I know this much – the screamo quartet are affiliated with Cork’s I’ll Eat Your Face, whose 2010 debut Irritant massaged my head the way a spear massages a melon. I’m not exactly expecting humble xylophone ditties on HUWWTD’s debut; rather, I’m hoping they’ll reach their Leeside counterpart’s standards of violent lovliness.
Frankly, I’m pretty chuffed that the Irish grindcore contingent have chosen such austere band names, and that I’ve made it this far without having to discuss anyone called Foetus And Crisp Sandwich or Necrophiling Cabinet.
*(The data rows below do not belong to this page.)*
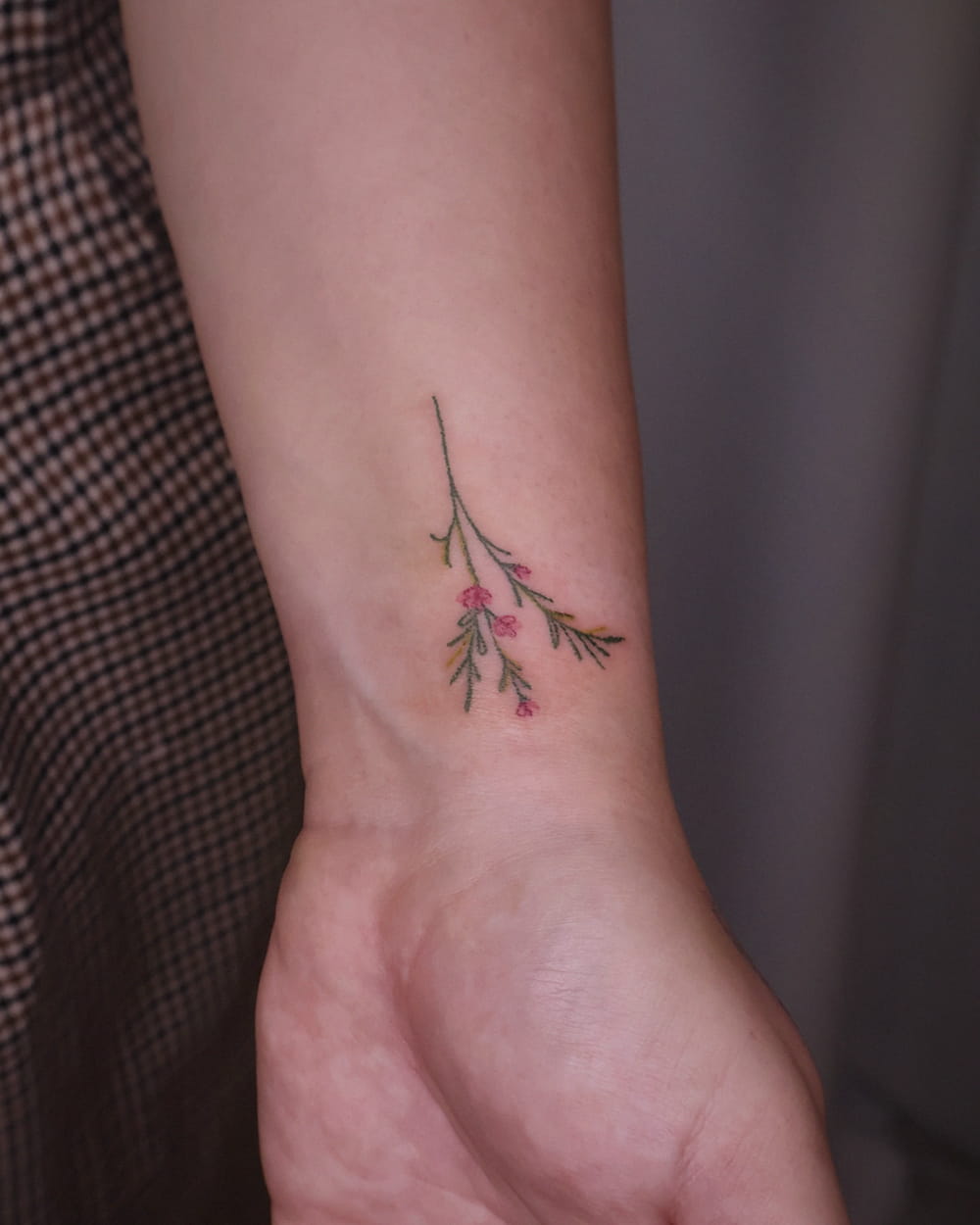 30 Small Tattoo Ideas: Tiny Art With Big Impact images 24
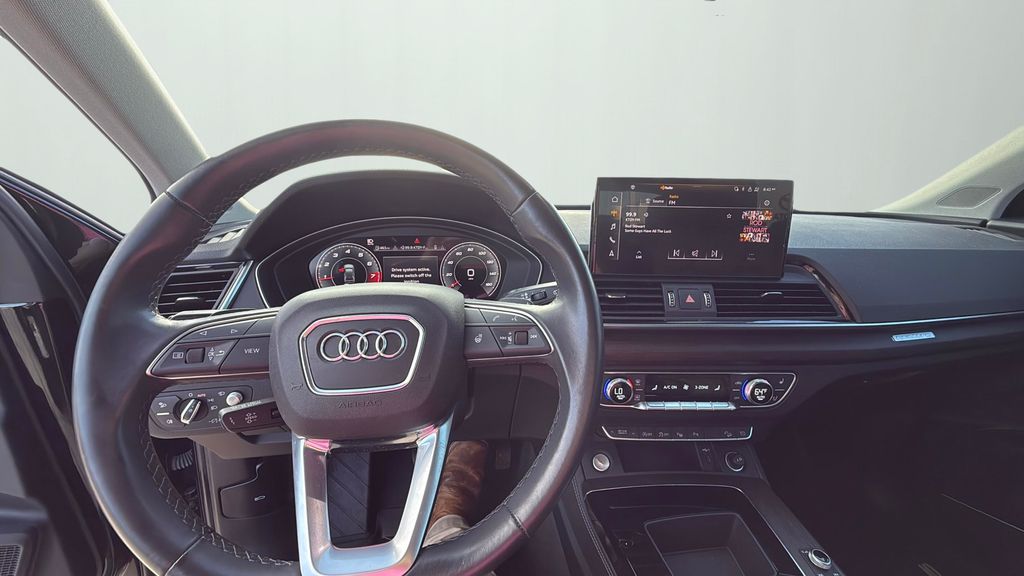 2021 Audi Q5 45 Prestige Premium photo 12
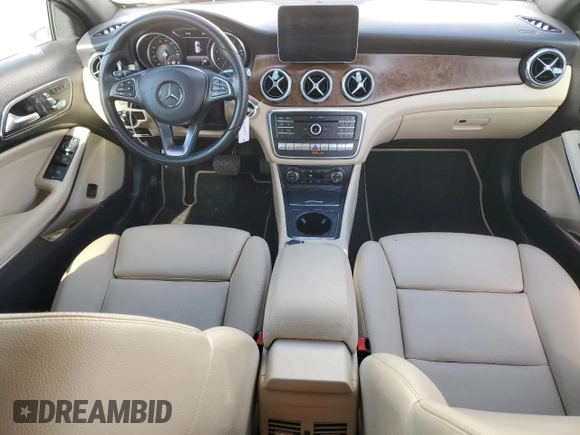 2018 Mercedes-Benz GLA 250 z VIN WDCTG4GB6JU000032, wystawiony jako Copart lot #71586914 z przebiegiem 75 776 mil mil oraz Szkoda całkowita • Salvage title. Historia ofert i sprzedaży dostępna na DreamBid. Obrazek 8.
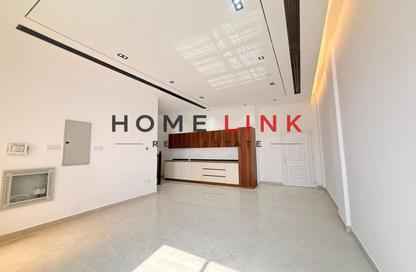 Villa - 3 - 5 for rent in Hoshi 1 - Hoshi - Al Badie - Sharjah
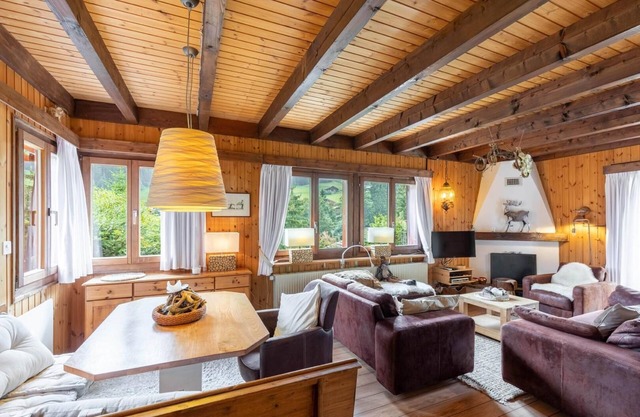 Chalet ChouChou - Three Bedroom Chalet, Sleeps 6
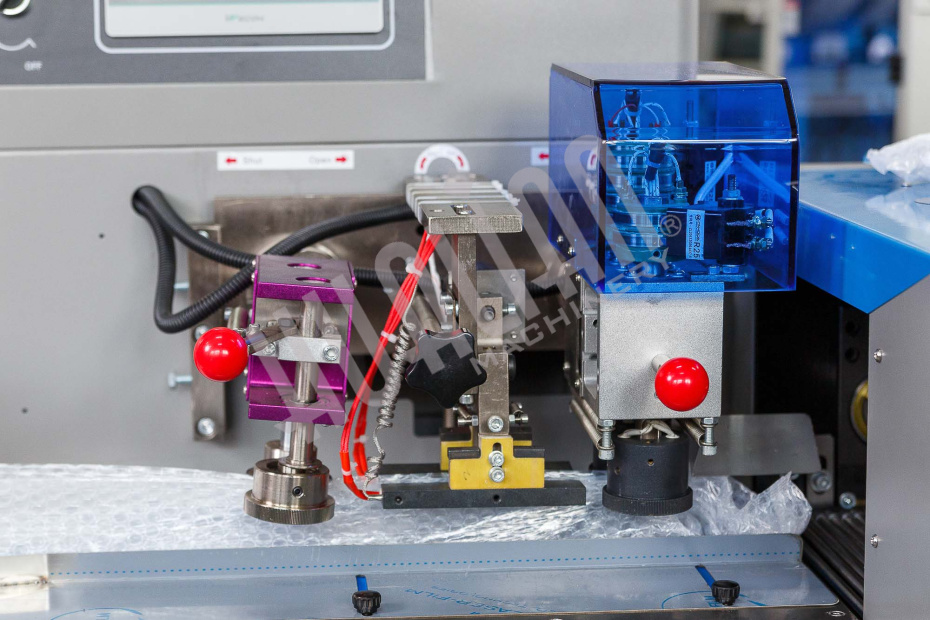 Автоматическая горизонтальная упаковочная машина DXDZ-350XD под ВПП (3 servo, лент.150 мм, рег.форм., min bag L 120, H 50, трансп.попереч.запайки) Hualian - Купить с доставкой по всему Казахстану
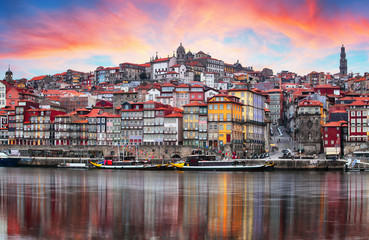 Wall Mural - Porto, Portugal old town on the Douro River. Oporto panorama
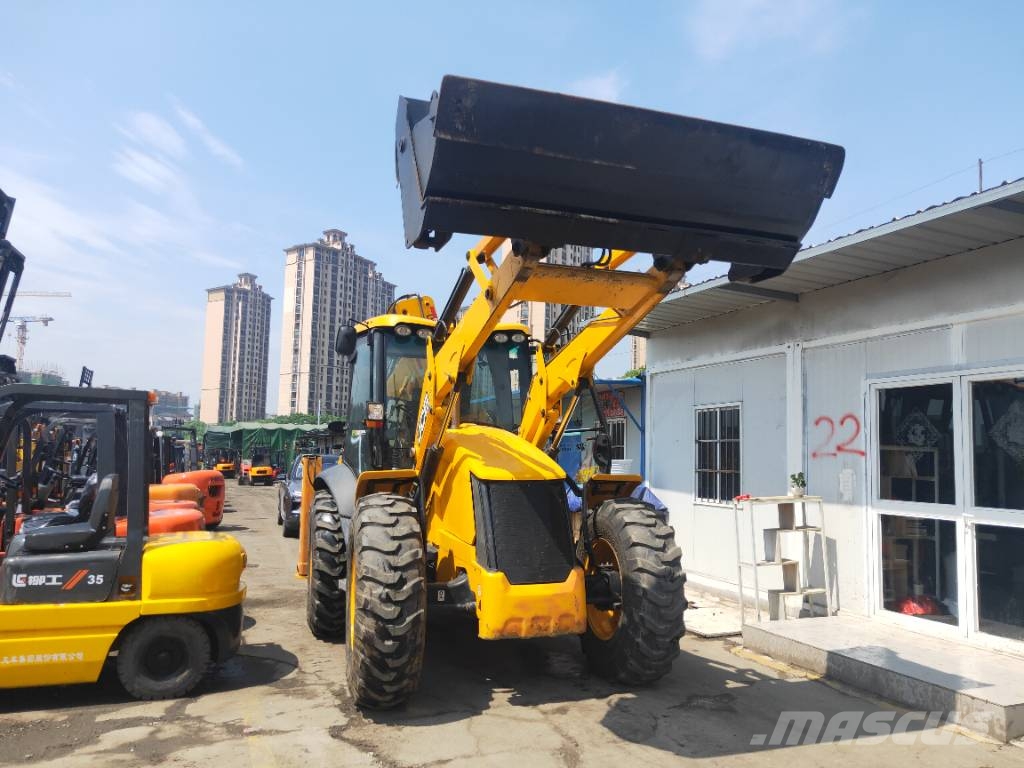 JCB 4CX Ekskavaatorlaadurid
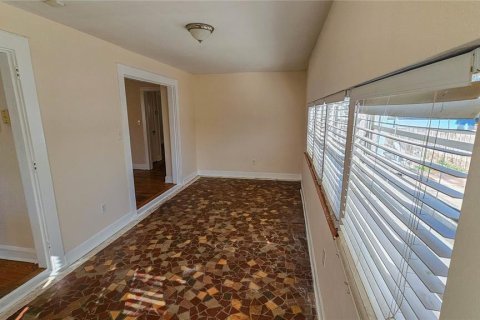 House in Saint Petersburg, Florida 2 bedrooms, 111.2 sq.m. № 2125450 - photo 13
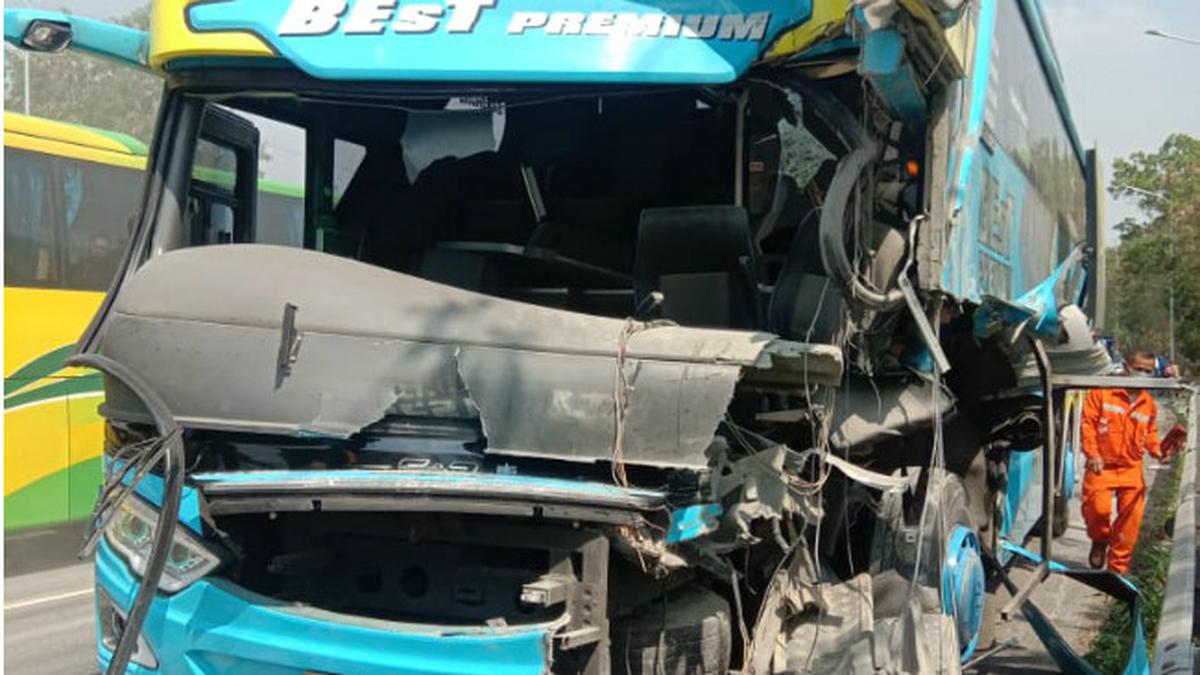 Pengemudi Beri Kesaksian Jepitan Bus dan Truk di Tol Cipularang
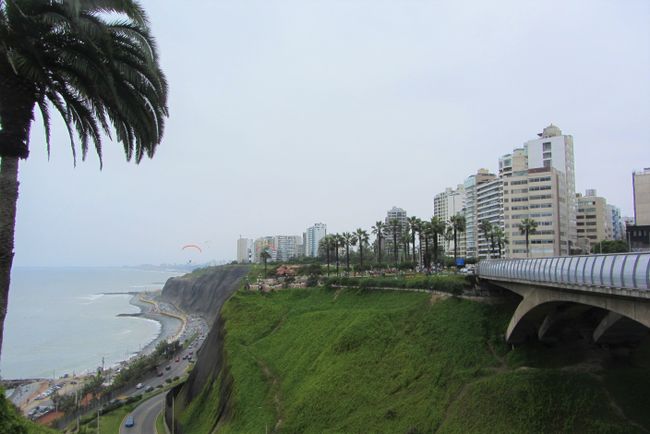 The coast of Miraflores attracts paragliders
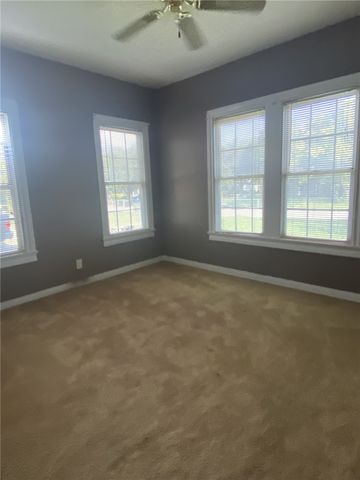 323 W 4th St, Alice, TX 78332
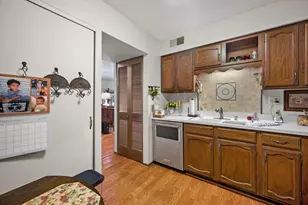 3635 N Tucker Pl, Milwaukee, WI 53222 - Photo 11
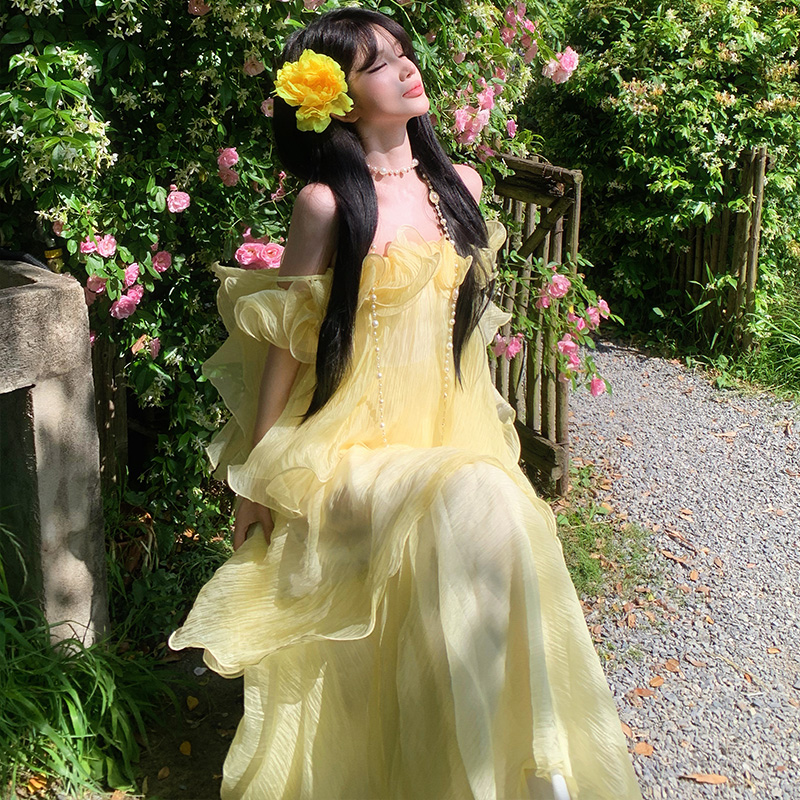 Vacation lady lotus leaf edges stereoscopic dress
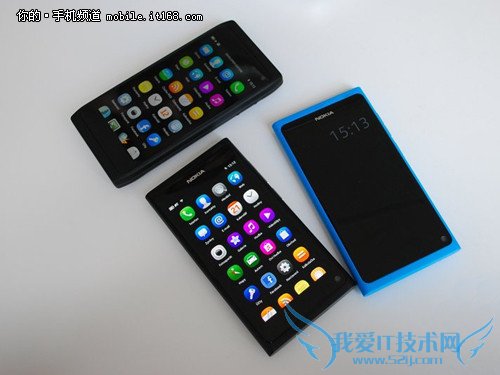 侧滑全键盘+MeeGo 诺基亚N950真机赏析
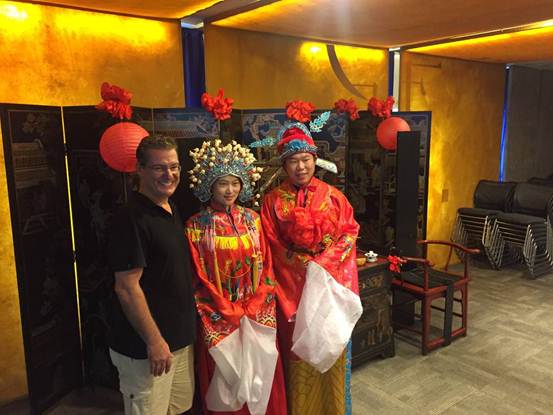 山东青岛：国外友人体验中华传统文化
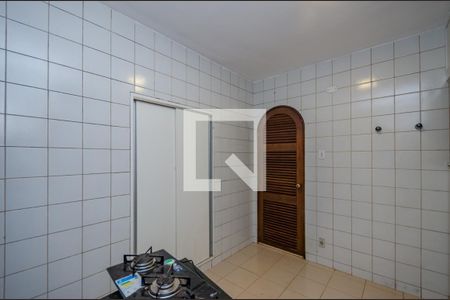Casa de condomínio à venda com 700m², 4 quartos e 5 vagas Casa de condomínio à venda com 700m², 4 quartos e 5 vagasCozinha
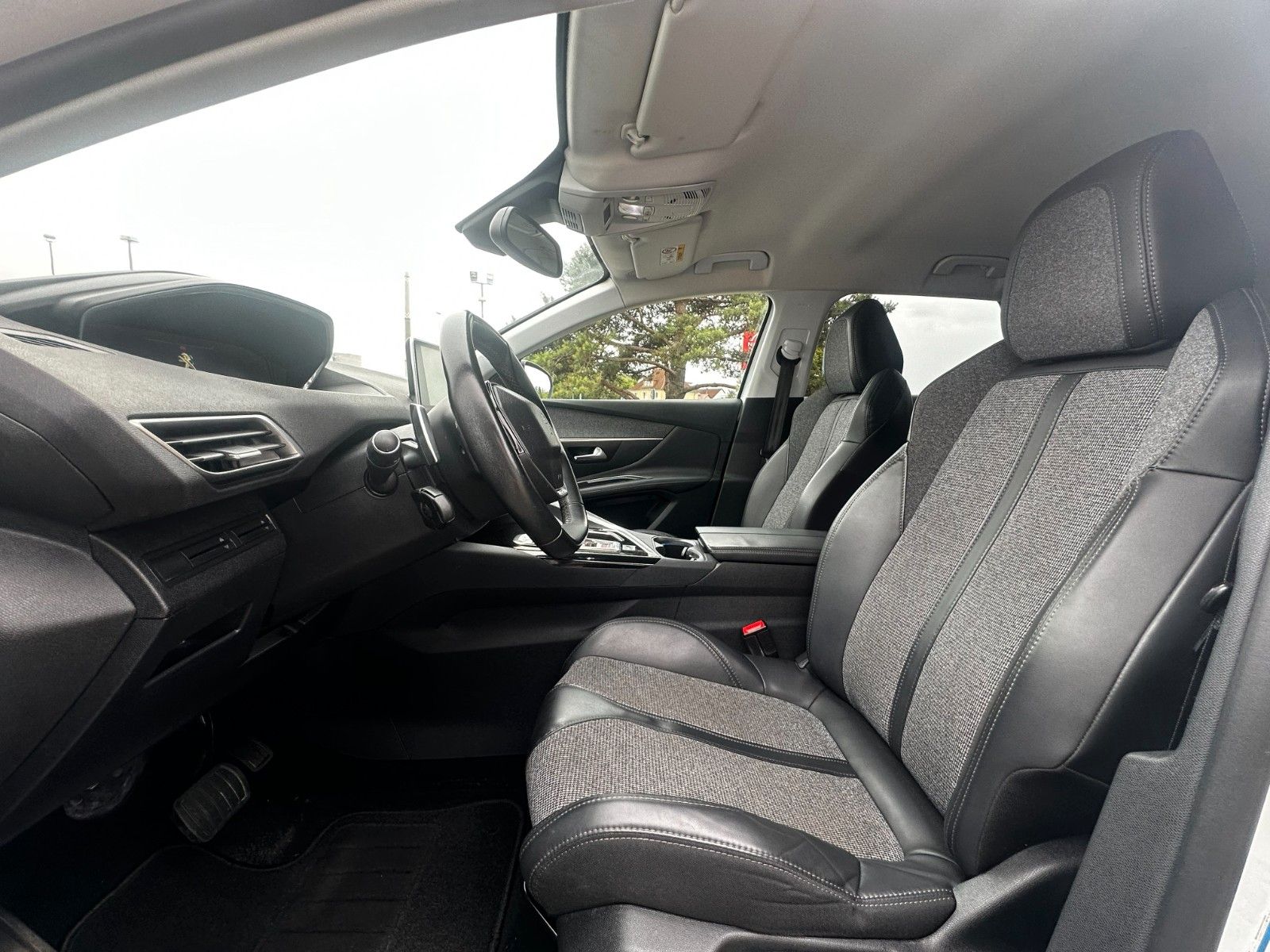 Fahrzeugabbildung Peugeot 3008 Teilleder/ Navi/ Sitzhzg / PDC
The album’s title is a marvel in itself – a reference to the grammatical phenomenon that dictates that a sentence with the word ‘buffalo’ repeated any number of times is always correct. But enough about Noam Chomsky’s Logical Structure of Linguistic Theory.
There’s plenty to like on this snappy 38-minute debut. ‘Moke’ boasts a killer bassline and the raspy storytelling on opener ‘Sailor’ is ingenious, if not perfectly executed. Vocalist and Richter Collective co-founder Barry Lennon tends to sound shaky when not in full screech mode, but you can’t fault his gusto on lines like ‘Step by step… Row by row’ (‘Fortunado’).
The second half of Buffalo, buffalo… contains the most gold, with powerhouse track ‘Vergessen’ swerving masterfully between timid guitar-based instrumental and all-out shriek rock. ‘Stopwatch’ has a faultless stomp and ‘The Scorpion Crawls’ is sinister without being venomous.
HUWWTD have come up with some hard-hitting lyrics, too, the most affecting of which appears on plodding riot ‘Buggy Sandmice’ (“The Egyptians built pyramids to praise their gods/ We built shops to praise their laws”).
There’s no two ways about it – Buffalo, buffalo... is a brute of a record. Clumsy and loutish in all the right ways, but also intelligently written and overflowing with heart.